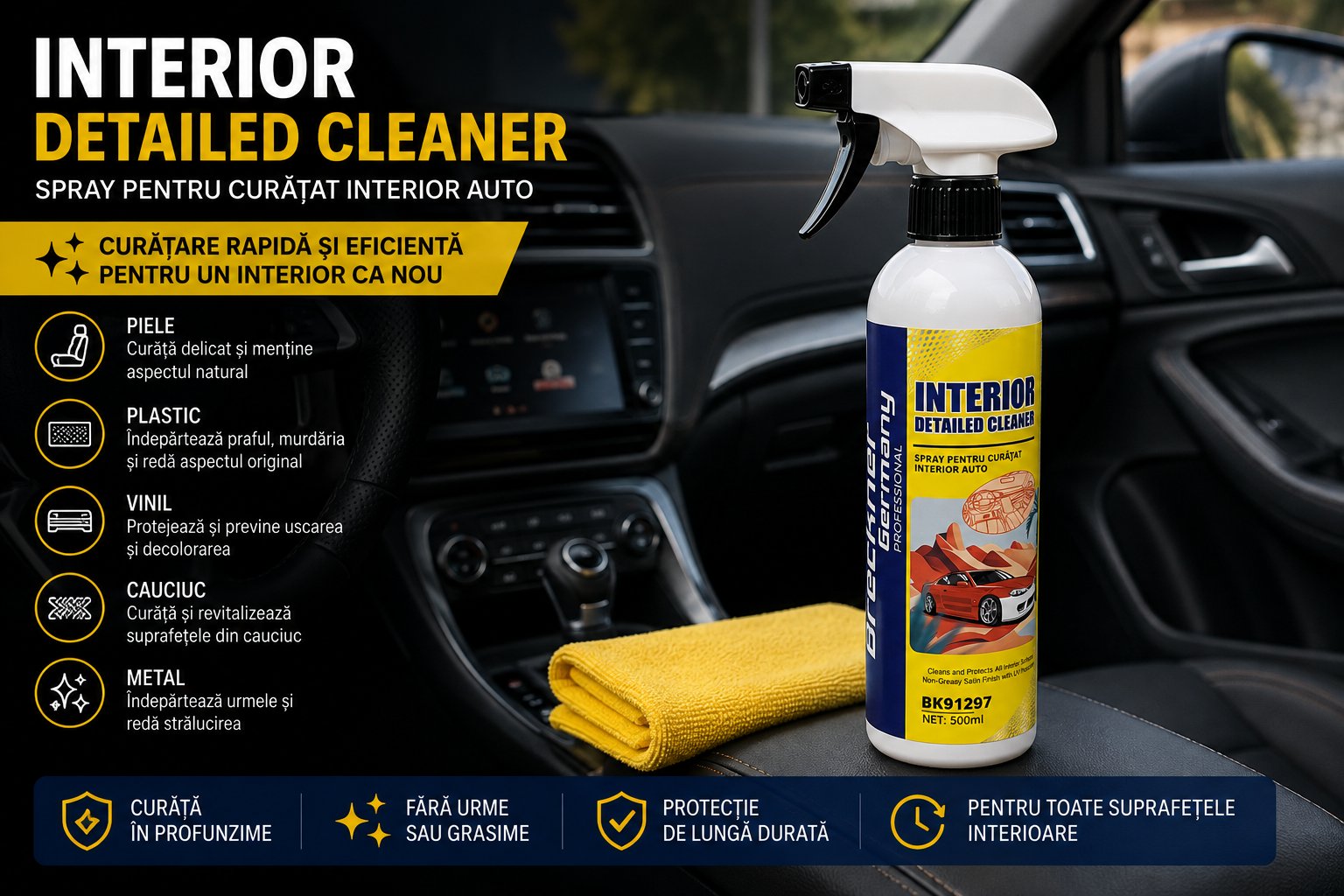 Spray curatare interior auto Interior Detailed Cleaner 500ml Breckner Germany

...

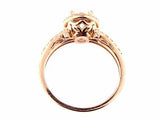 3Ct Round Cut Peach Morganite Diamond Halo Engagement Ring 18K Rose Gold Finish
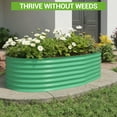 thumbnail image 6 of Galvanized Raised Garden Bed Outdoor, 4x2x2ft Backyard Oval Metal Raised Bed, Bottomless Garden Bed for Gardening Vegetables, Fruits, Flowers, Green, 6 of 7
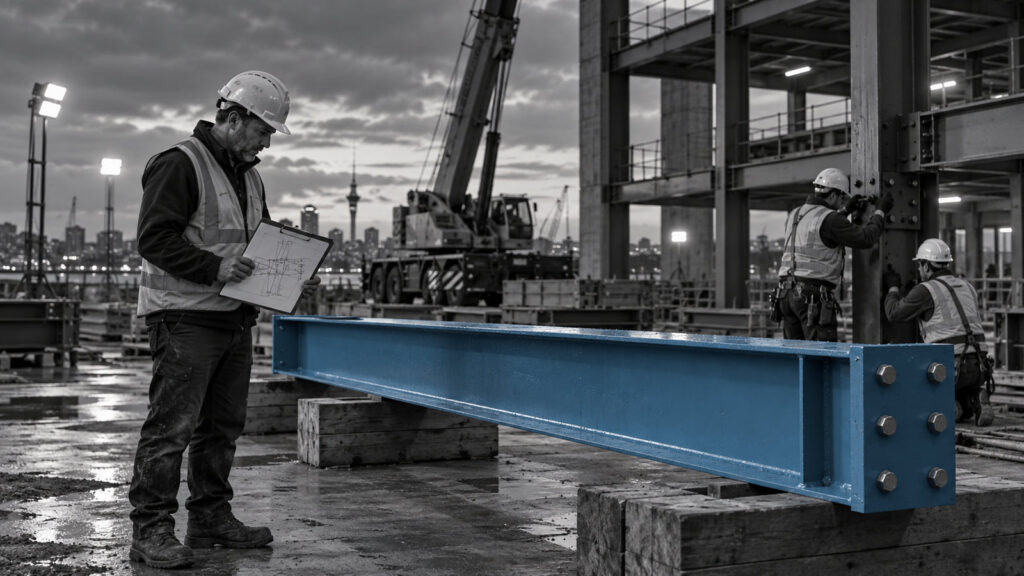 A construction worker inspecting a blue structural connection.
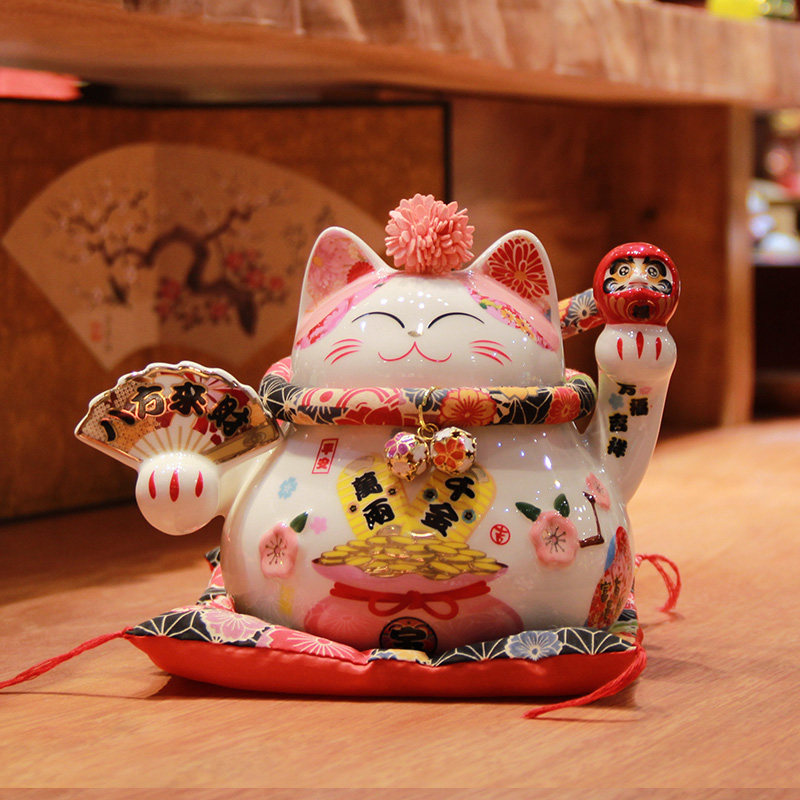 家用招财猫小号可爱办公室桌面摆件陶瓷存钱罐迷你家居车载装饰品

...

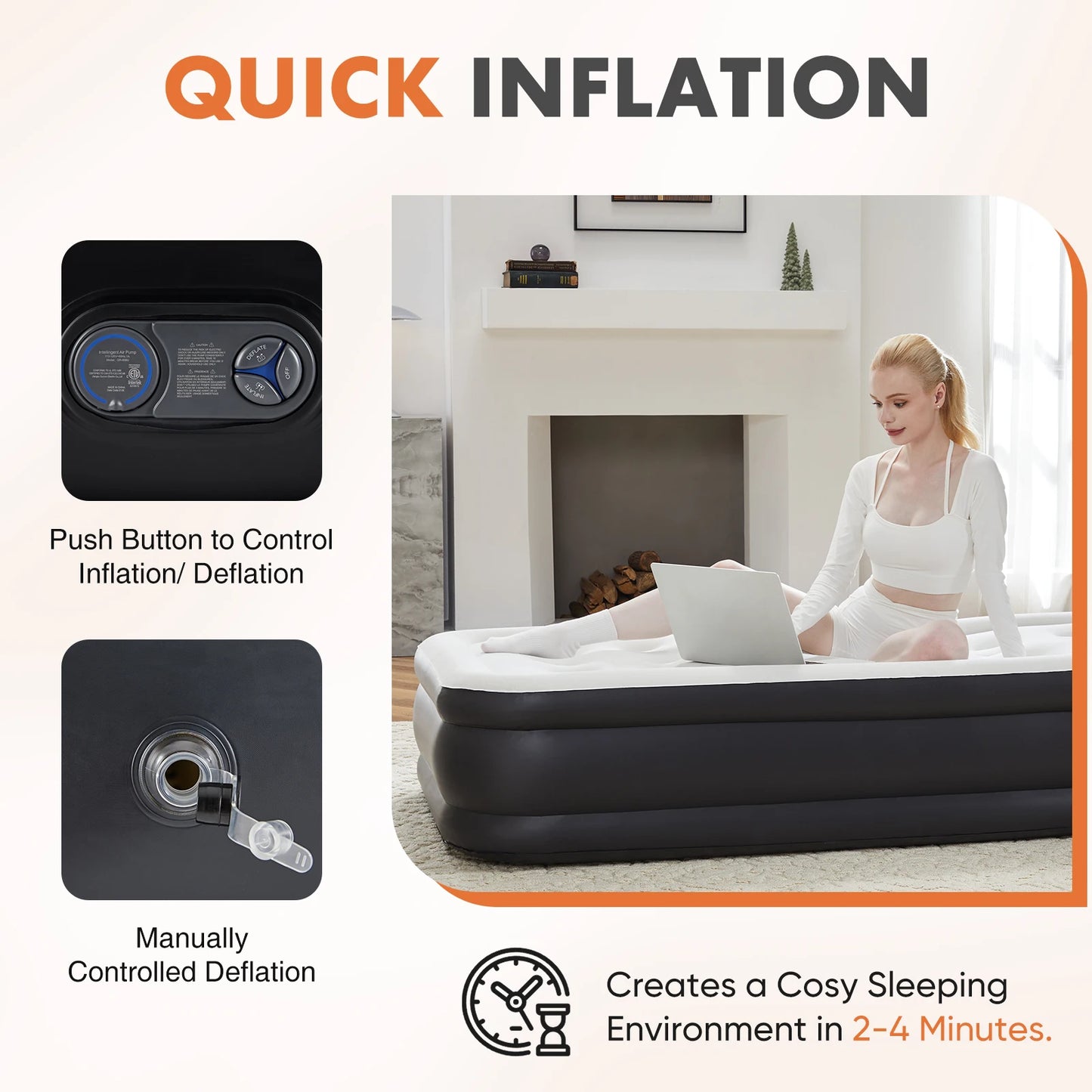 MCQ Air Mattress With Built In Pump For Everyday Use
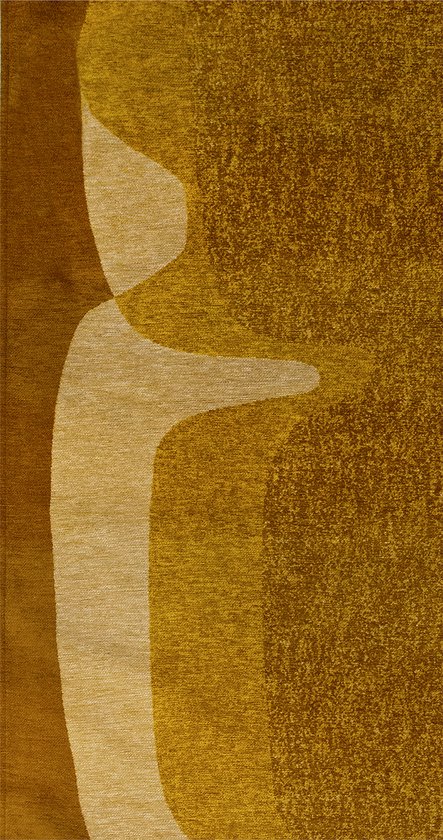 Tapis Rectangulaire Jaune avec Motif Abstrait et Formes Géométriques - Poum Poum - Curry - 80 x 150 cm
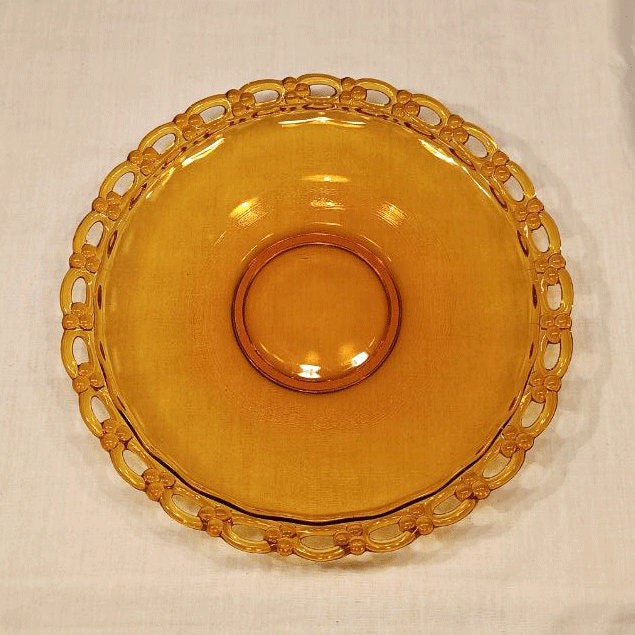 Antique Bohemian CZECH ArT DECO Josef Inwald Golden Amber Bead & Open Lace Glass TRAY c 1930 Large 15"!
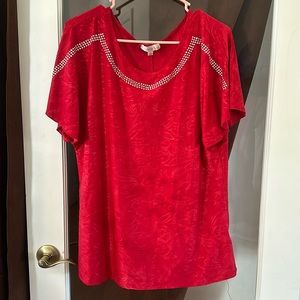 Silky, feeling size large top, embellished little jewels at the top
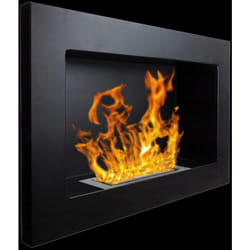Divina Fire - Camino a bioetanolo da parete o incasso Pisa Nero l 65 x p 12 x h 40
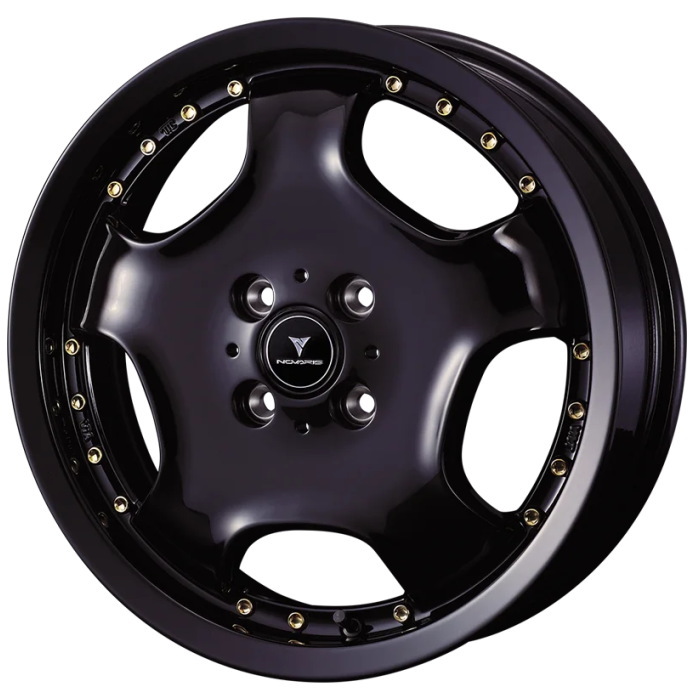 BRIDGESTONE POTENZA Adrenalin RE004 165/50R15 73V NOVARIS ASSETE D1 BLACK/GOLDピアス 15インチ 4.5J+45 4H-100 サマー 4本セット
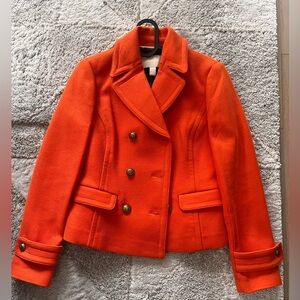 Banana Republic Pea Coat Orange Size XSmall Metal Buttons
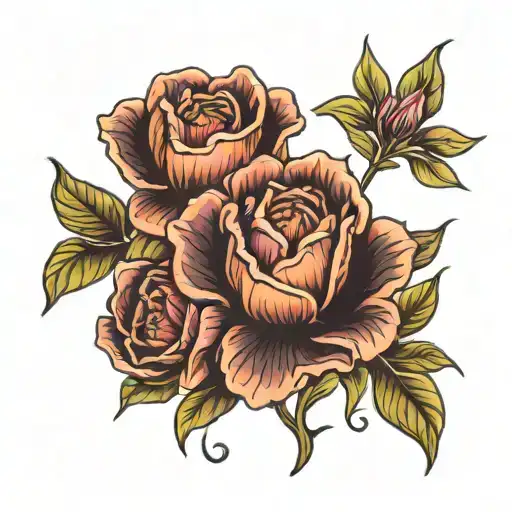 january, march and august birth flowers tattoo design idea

__Task item__.
Copy word for word the lines above, starting at the line containing "BRIDGESTONE POTENZA Adrenalin" and ending at the line containing "january, march and", inclusive, with no pictures.

__Written answer__.
 BRIDGESTONE POTENZA Adrenalin RE004 165/50R15 73V NOVARIS ASSETE D1 BLACK/GOLDピアス 15インチ 4.5J+45 4H-100 サマー 4本セット
 Banana Republic Pea Coat Orange Size XSmall Metal Buttons
 january, march and august birth flowers tattoo design idea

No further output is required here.